A subalgebra S is finitely generated if there exists t : Finset A such that Algebra.adjoin R t = S.

Equations

• Subalgebra.FG S = ∃ (t : Finset A), Algebra.adjoin R ↑t = S

theorem Subalgebra.fg_adjoin_finset {R : Type u} {A : Type v} [CommSemiring R] [Semiring A] [Algebra R A] (s : Finset A) : Subalgebra.FG (Algebra.adjoin R ↑s)

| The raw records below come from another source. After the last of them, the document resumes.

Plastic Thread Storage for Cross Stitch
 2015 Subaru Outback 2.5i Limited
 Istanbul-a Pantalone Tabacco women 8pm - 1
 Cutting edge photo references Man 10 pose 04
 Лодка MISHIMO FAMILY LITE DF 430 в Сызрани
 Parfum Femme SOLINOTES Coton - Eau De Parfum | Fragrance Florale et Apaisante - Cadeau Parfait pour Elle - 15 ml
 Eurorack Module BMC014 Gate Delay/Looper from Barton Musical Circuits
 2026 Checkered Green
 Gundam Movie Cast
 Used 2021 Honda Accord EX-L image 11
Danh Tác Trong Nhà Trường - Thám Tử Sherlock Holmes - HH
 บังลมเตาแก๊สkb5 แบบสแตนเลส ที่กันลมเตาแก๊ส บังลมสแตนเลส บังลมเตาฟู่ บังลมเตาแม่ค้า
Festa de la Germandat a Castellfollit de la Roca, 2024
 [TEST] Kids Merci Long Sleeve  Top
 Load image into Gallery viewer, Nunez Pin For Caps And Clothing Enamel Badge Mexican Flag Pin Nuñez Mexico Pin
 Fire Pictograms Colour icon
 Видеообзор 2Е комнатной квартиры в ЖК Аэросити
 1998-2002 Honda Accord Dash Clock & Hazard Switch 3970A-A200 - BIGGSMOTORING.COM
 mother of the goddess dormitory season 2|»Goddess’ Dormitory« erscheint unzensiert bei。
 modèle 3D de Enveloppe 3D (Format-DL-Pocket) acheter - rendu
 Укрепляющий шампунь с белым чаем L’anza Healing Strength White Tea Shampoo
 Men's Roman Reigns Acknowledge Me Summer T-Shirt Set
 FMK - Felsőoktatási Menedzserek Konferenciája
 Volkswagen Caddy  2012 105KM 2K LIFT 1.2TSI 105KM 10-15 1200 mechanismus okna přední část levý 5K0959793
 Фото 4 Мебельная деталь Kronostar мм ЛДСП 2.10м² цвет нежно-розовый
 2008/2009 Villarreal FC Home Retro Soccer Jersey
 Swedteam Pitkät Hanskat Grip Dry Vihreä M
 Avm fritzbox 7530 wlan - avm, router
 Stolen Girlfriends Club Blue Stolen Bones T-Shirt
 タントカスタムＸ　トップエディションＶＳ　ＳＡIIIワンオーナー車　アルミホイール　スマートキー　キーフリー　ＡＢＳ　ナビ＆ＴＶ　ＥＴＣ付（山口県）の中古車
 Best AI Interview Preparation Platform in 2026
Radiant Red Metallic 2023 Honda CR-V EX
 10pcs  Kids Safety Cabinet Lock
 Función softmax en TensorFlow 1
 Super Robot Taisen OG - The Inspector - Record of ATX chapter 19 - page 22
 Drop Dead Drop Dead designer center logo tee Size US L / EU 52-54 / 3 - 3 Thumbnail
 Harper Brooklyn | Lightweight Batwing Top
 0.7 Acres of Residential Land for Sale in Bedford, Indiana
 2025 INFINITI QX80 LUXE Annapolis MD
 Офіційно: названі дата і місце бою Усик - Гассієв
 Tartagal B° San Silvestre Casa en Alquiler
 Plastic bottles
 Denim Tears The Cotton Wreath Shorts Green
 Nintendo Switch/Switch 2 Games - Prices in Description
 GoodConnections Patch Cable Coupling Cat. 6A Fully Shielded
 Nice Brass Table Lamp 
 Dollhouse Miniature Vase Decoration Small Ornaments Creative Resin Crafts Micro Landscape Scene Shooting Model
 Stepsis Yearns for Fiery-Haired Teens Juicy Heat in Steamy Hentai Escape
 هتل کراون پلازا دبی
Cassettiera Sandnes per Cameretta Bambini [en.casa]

theorem Subalgebra.fg_def {R : Type u} {A : Type v} [CommSemiring R] [Semiring A] [Algebra R A] {S : Subalgebra R A} : Subalgebra.FG S ↔ ∃ (t : Set A), Set.Finite t ∧ Algebra.adjoin R t = S

theorem Subalgebra.fg_bot {R : Type u} {A : Type v} [CommSemiring R] [Semiring A] [Algebra R A] : Subalgebra.FG ⊥

theorem Subalgebra.fg_of_fg_toSubmodule {R : Type u} {A : Type v} [CommSemiring R] [Semiring A] [Algebra R A] {S : Subalgebra R A} : Submodule.FG (Subalgebra.toSubmodule S) → Subalgebra.FG S

theorem Subalgebra.fg_of_noetherian {R : Type u} {A : Type v} [CommSemiring R] [Semiring A] [Algebra R A] [IsNoetherian R A] (S : Subalgebra R A) : Subalgebra.FG S

theorem Subalgebra.fg_of_submodule_fg {R : Type u} {A : Type v} [CommSemiring R] [Semiring A] [Algebra R A] (h : Submodule.FG ⊤) : Subalgebra.FG ⊤

theorem Subalgebra.FG.prod {R : Type u} {A : Type v} {B : Type w} [CommSemiring R] [Semiring A] [Algebra R A] [Semiring B] [Algebra R B] {S : Subalgebra R A} {T : Subalgebra R B} (hS : Subalgebra.FG S) (hT : Subalgebra.FG T) : Subalgebra.FG (Subalgebra.prod S T)

theorem Subalgebra.FG.map {R : Type u} {A : Type v} {B : Type w} [CommSemiring R] [Semiring A] [Algebra R A] [Semiring B] [Algebra R B] {S : Subalgebra R A} (f : A →ₐ[R] B) (hs : Subalgebra.FG S) : Subalgebra.FG (Subalgebra.map f S)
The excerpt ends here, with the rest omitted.